EXERCISE PROMPT |
Leave the pictures in the listing below aside and reproduce exactly the lines starting with the one with "So I encourage" and going on through the one with "I'd like to", both ends included.

RECORDS FOR THIS TASK |

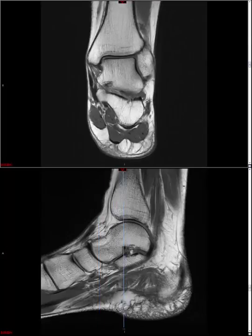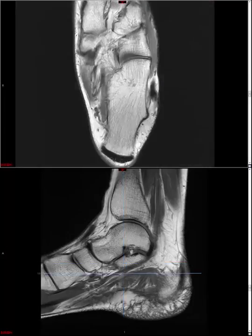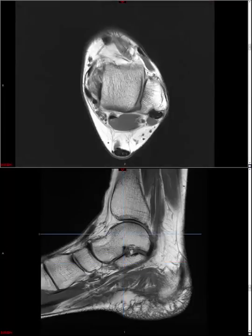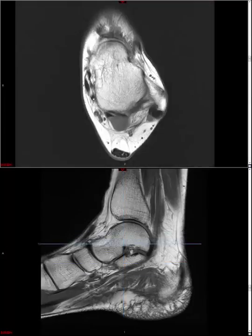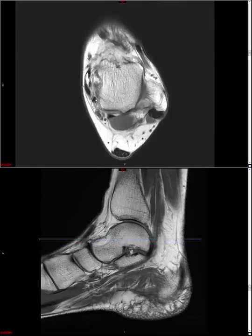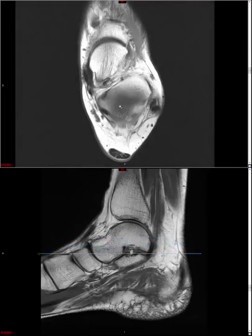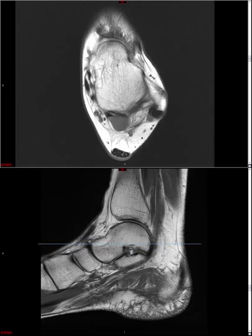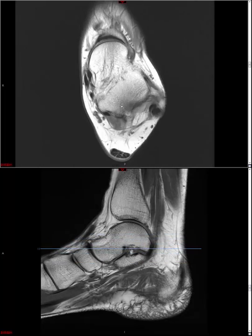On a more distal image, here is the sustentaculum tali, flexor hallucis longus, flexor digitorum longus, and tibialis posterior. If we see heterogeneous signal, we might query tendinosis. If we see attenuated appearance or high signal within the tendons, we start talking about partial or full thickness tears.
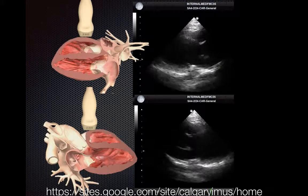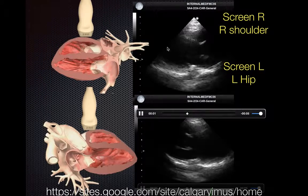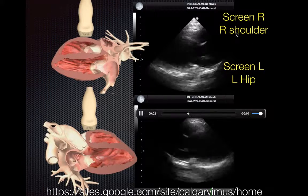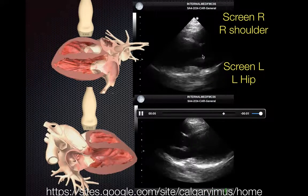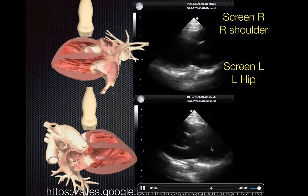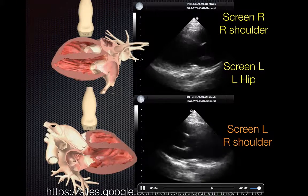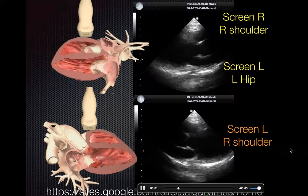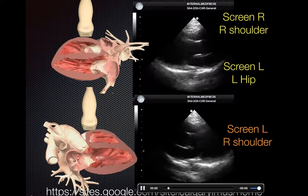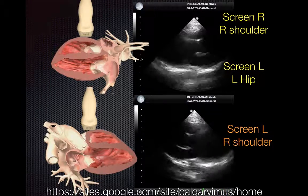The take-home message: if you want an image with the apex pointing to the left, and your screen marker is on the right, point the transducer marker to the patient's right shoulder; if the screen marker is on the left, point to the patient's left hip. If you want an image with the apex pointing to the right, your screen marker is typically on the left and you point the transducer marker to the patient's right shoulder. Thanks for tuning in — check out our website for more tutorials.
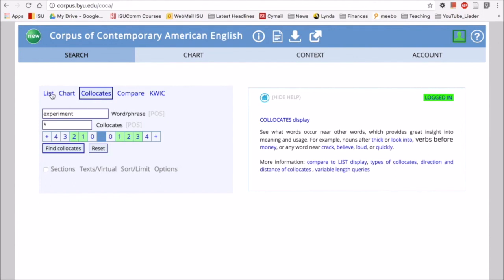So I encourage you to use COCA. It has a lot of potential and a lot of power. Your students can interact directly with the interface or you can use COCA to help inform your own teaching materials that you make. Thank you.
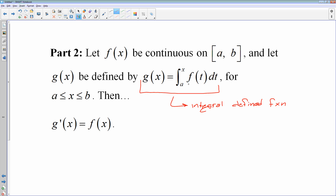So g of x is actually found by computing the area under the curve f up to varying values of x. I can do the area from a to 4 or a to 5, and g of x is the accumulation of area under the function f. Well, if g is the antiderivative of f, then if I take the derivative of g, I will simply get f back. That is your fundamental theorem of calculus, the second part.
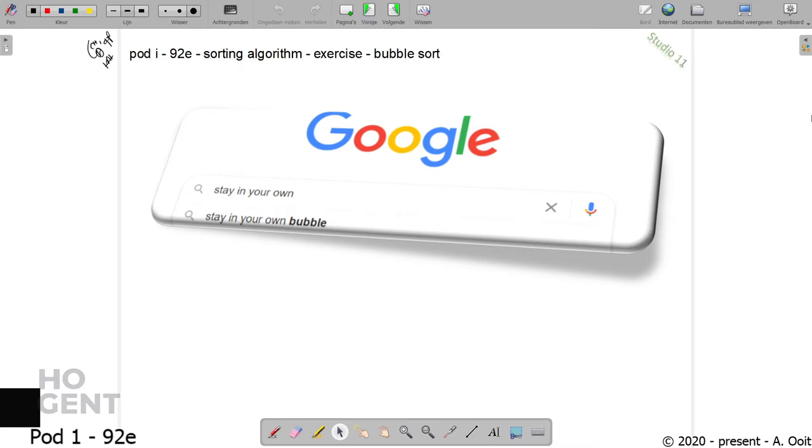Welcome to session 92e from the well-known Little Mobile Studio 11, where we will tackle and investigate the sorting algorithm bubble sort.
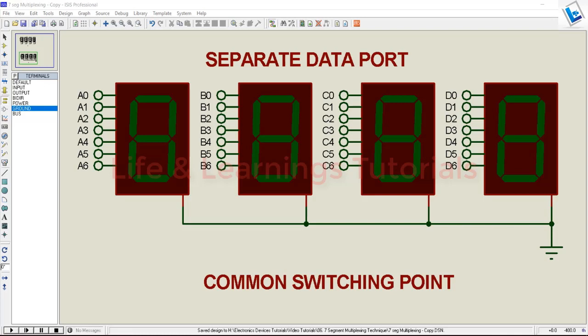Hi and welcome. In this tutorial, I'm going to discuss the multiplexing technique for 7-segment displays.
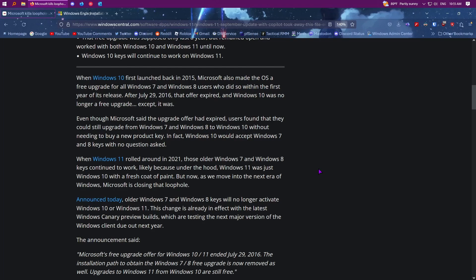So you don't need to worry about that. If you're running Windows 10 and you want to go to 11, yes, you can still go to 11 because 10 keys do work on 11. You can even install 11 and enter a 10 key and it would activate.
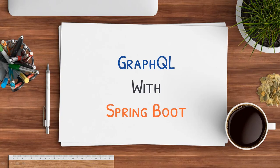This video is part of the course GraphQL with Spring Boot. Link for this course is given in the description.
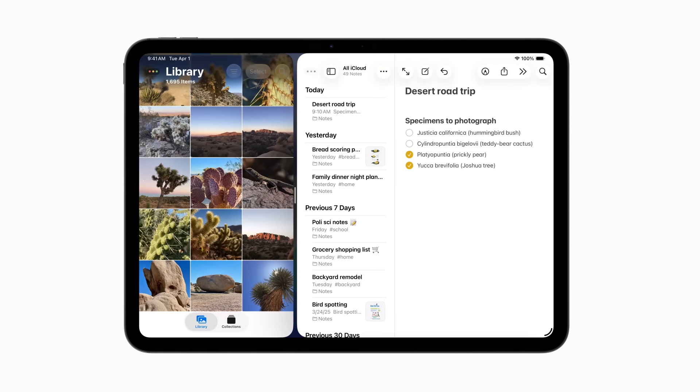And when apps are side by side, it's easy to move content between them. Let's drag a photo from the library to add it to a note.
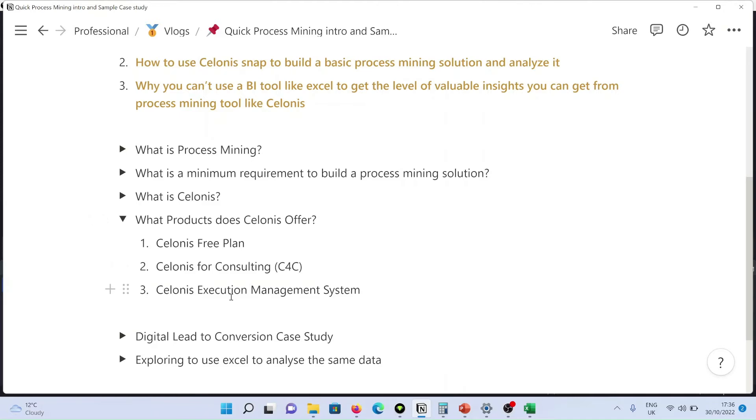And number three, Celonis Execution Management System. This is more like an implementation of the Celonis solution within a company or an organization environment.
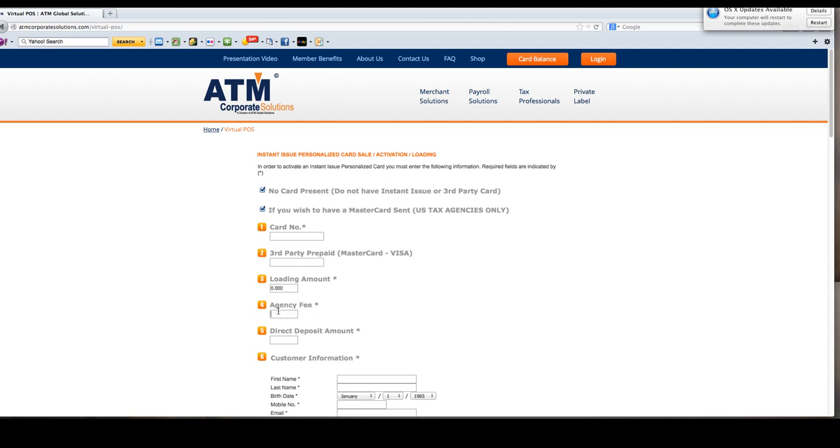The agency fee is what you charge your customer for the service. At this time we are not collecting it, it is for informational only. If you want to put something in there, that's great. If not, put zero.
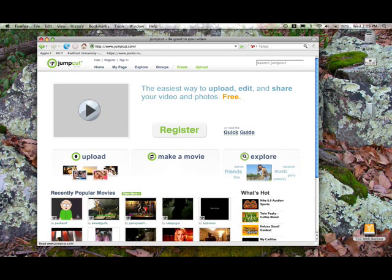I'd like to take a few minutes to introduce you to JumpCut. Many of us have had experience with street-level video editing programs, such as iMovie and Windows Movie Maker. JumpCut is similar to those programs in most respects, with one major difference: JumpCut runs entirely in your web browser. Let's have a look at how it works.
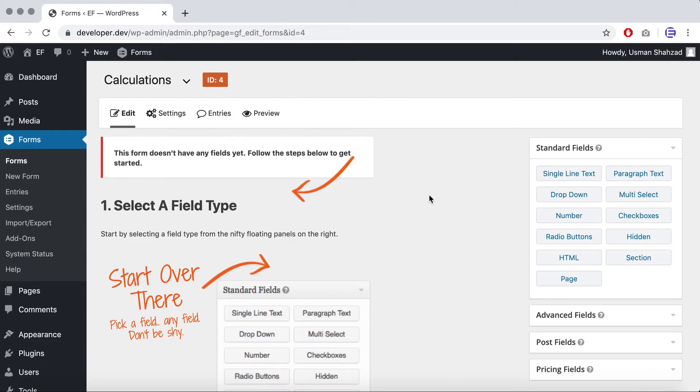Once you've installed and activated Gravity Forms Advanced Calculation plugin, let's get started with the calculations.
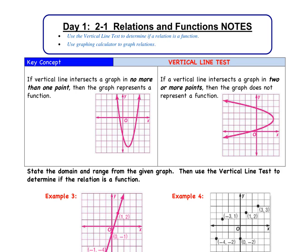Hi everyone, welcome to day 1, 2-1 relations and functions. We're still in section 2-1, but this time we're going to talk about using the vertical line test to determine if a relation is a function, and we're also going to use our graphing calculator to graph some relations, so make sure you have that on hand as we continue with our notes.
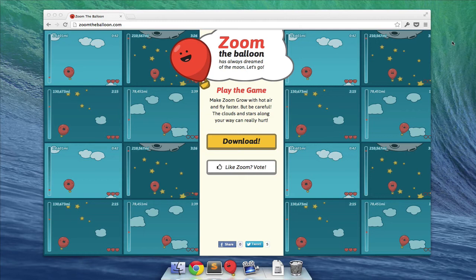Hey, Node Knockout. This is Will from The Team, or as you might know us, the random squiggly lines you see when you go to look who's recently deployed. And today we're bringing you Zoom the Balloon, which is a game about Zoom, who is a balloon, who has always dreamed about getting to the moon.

RESULT |
So I encourage you to use COCA. It has a lot of potential and a lot of power. Your students can interact directly with the interface or you can use COCA to help inform your own teaching materials that you make. Thank you.
So g of x is actually found by computing the area under the curve f up to varying values of x. I can do the area from a to 4 or a to 5, and g of x is the accumulation of area under the function f. Well, if g is the antiderivative of f, then if I take the derivative of g, I will simply get f back. That is your fundamental theorem of calculus, the second part.
Welcome to session 92e from the well-known Little Mobile Studio 11, where we will tackle and investigate the sorting algorithm bubble sort.
Hi and welcome. In this tutorial, I'm going to discuss the multiplexing technique for 7-segment displays.
So you don't need to worry about that. If you're running Windows 10 and you want to go to 11, yes, you can still go to 11 because 10 keys do work on 11. You can even install 11 and enter a 10 key and it would activate.
This video is part of the course GraphQL with Spring Boot. Link for this course is given in the description.
And when apps are side by side, it's easy to move content between them. Let's drag a photo from the library to add it to a note.
And number three, Celonis Execution Management System. This is more like an implementation of the Celonis solution within a company or an organization environment.
The agency fee is what you charge your customer for the service. At this time we are not collecting it, it is for informational only. If you want to put something in there, that's great. If not, put zero.
I'd like to take a few minutes to introduce you to JumpCut. Many of us have had experience with street-level video editing programs, such as iMovie and Windows Movie Maker. JumpCut is similar to those programs in most respects, with one major difference: JumpCut runs entirely in your web browser. Let's have a look at how it works.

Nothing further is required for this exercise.